I'm leaning towards primarily articles that make specific suggestions, not complaints.

http://cafbit.com/entry/rapid_dhcp_or_how_do

http://usersinhell.com/unhappy-security-dialogs/

http://www.elementaryos.org/docs/human-interface-guidelines/design-philosophy -- most of this is silly, but the philosophy is good


----------



## DutchDaemon (Jul 12, 2011)

Unless there is any FreeBSD-specific material in your link collection there isn't much point in using the FreeBSD forums as a general purpose bookmarks folder about generic desktop development.
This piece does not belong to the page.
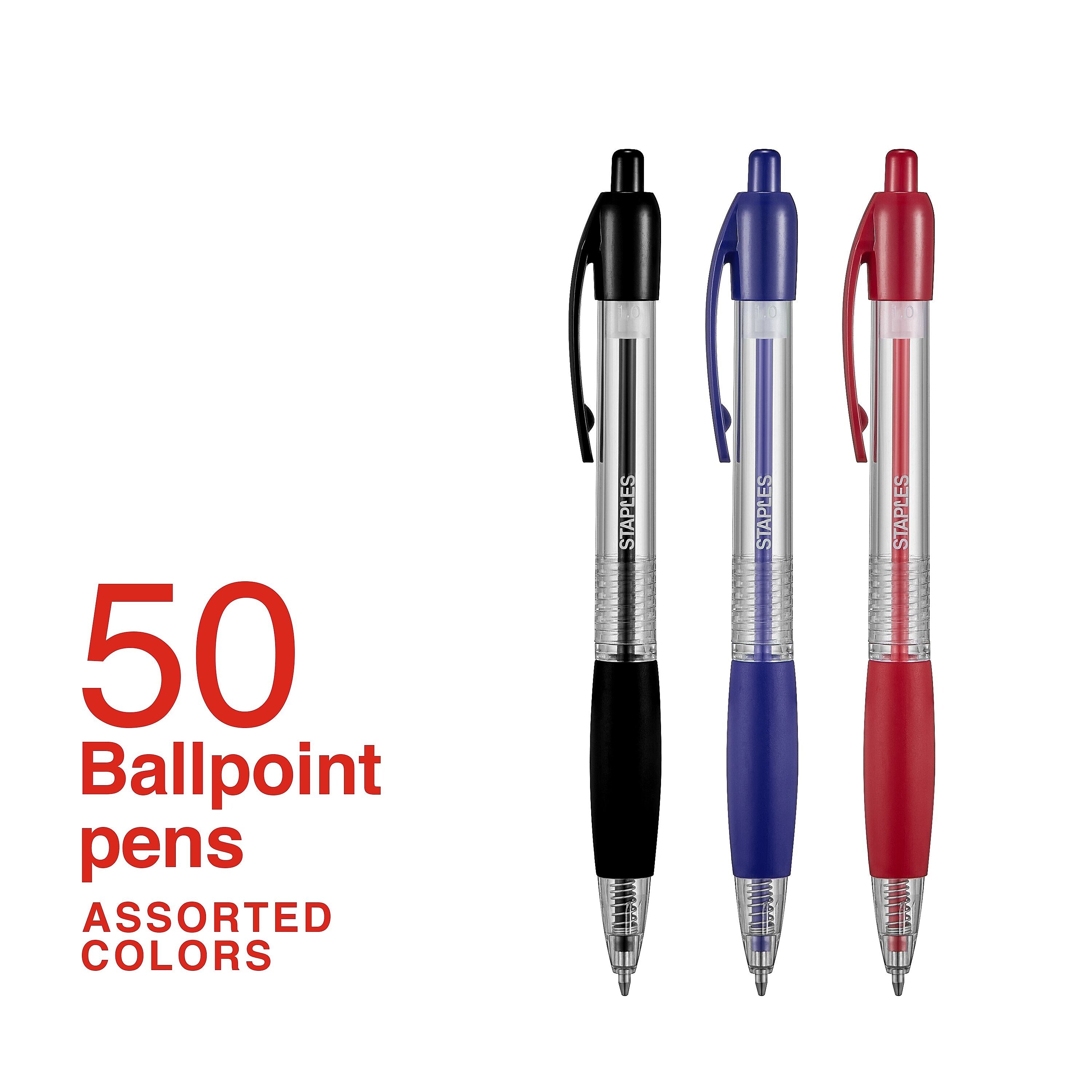 Staples Ballpoint Retractable Pens, Medium Point, Assorted Ink, 50/Pack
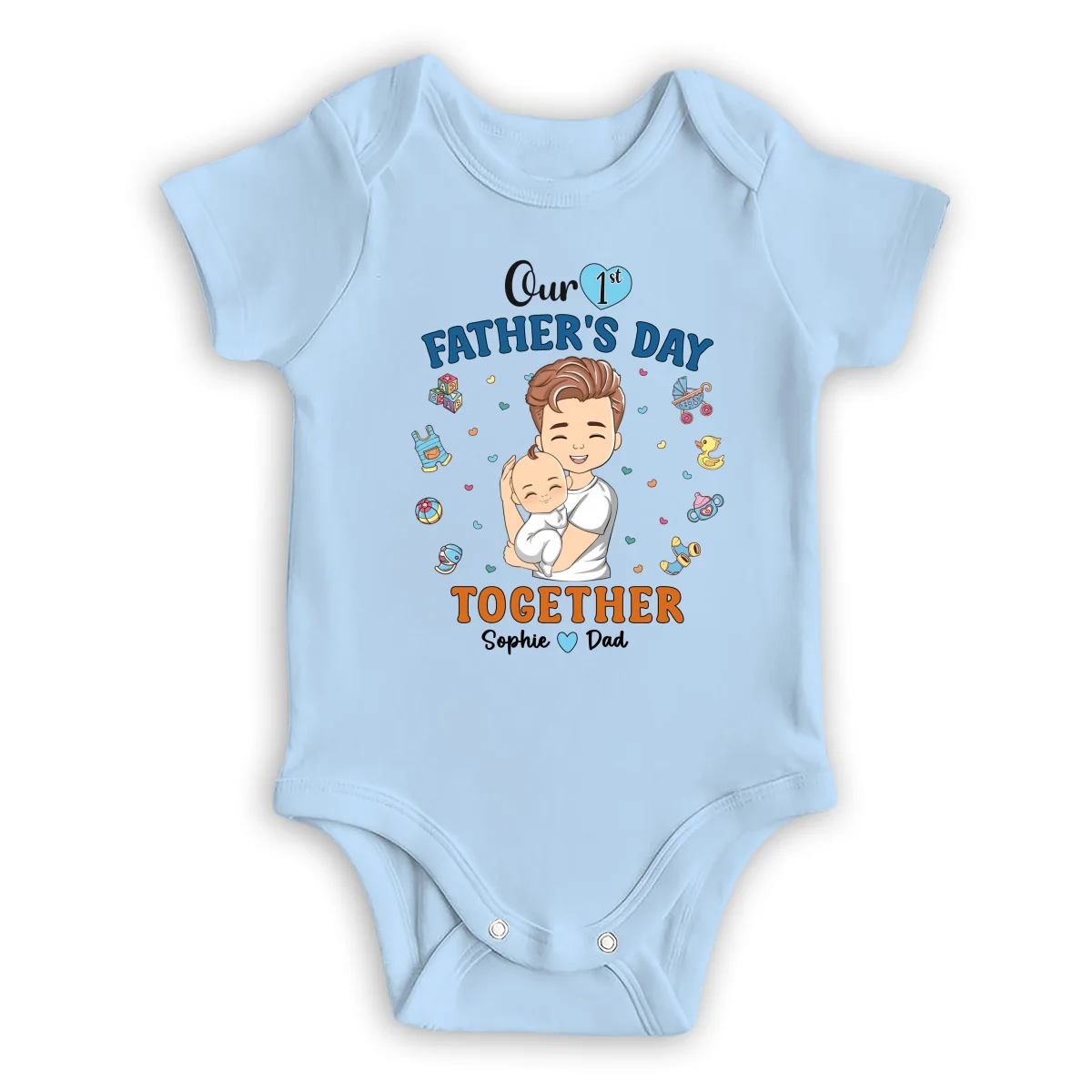 1st Fathers Day Together - Personalized Custom Onesie - Image 9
So where is this going?


----------



## DutchDaemon (Jul 12, 2011)

Since FreeBSD does not _have_ a desktop, does not _come_ with a desktop, does not _develop_ a desktop, does not _favor_ a desktop, and does not _endorse_, _recommend_, _suggest_ or _need_ a desktop to operate as an operating system, I'm dropping this in Off-Topic.

Still no idea where this is going.


----------



## irkkaaja (Jul 13, 2011)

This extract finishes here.